(EXTRACTED DATA)
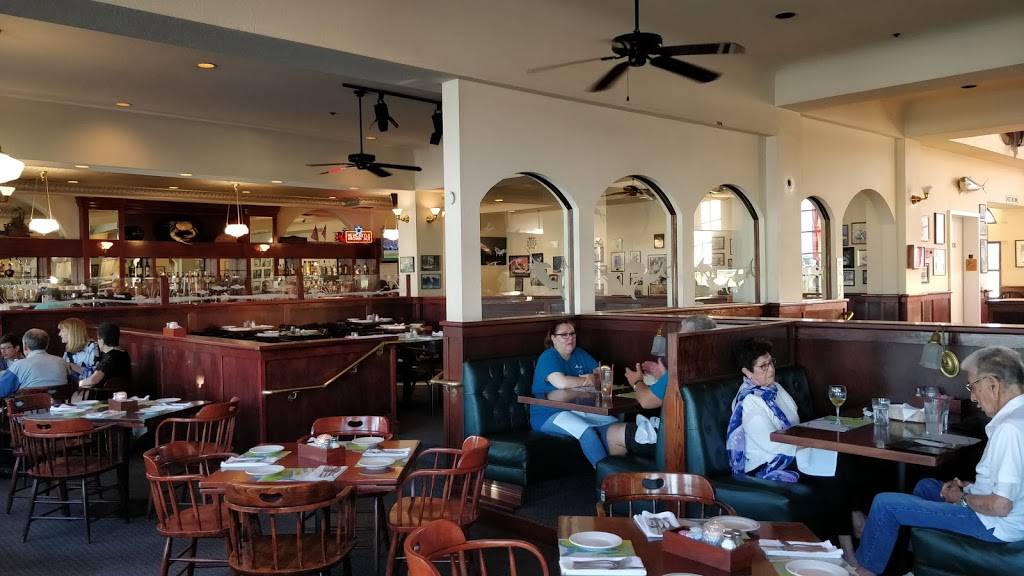 22nd St Landing Seafood Grill & Bar | restaurant | 141 W 22nd St ste a, San Pedro, CA 90731, USA | 3105484400 OR +1 310-548-4400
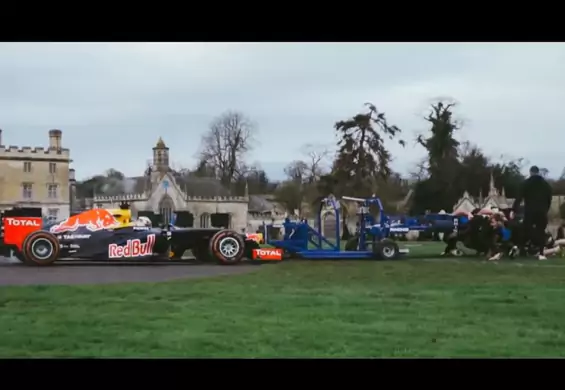 Człowiek vs maszyna! 8 rugbystów próbuje powstrzymać samochód Formuły 1. Kto wygra?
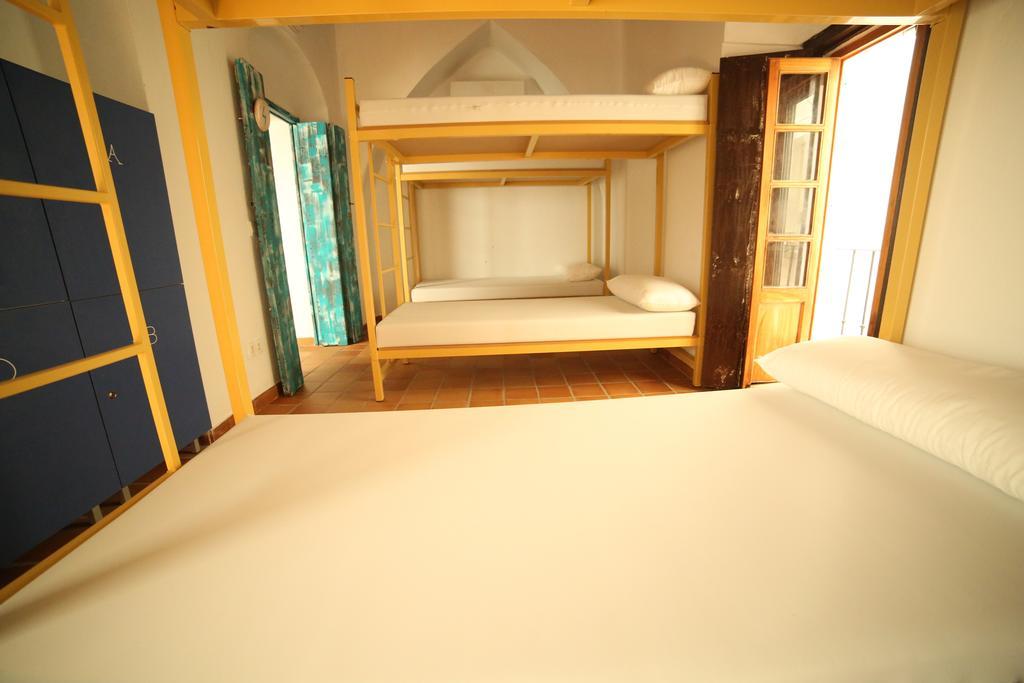 Wake Up In Tarifa Hostel & Restaurant Lounge Quarto foto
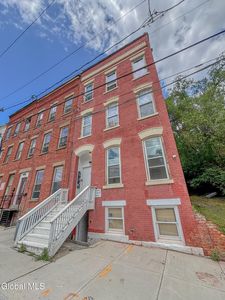 13 Delaware Street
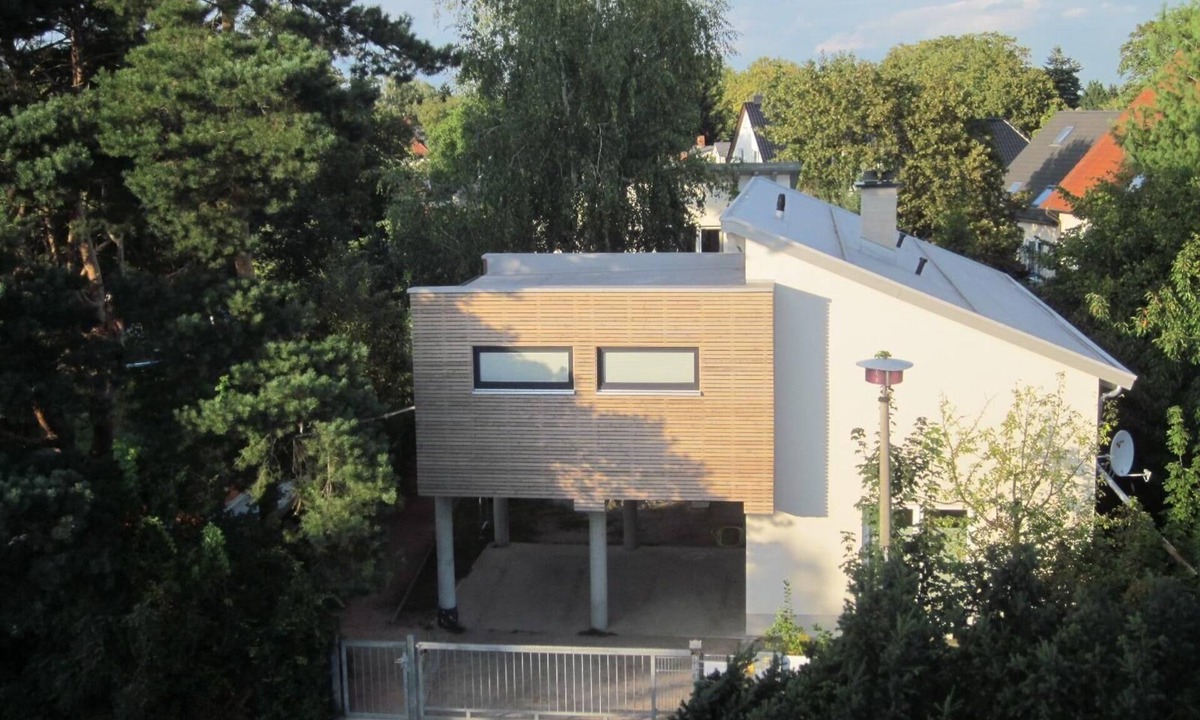 Altglienicke Apartment | Modern maisonette flat with terrace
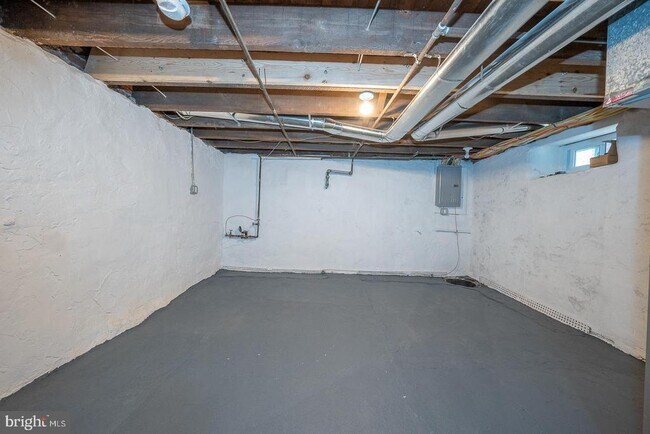 Building Photo - 145 Summit Terrace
(End EXTRACTED DATA)
WHAT IS NEEDED: First drop every picture, then print the data above exactly as it stands.

EXERCISE OUTPUT:
 22nd St Landing Seafood Grill & Bar | restaurant | 141 W 22nd St ste a, San Pedro, CA 90731, USA | 3105484400 OR +1 310-548-4400
 Człowiek vs maszyna! 8 rugbystów próbuje powstrzymać samochód Formuły 1. Kto wygra?
 Wake Up In Tarifa Hostel & Restaurant Lounge Quarto foto
 13 Delaware Street
 Altglienicke Apartment | Modern maisonette flat with terrace
 Building Photo - 145 Summit Terrace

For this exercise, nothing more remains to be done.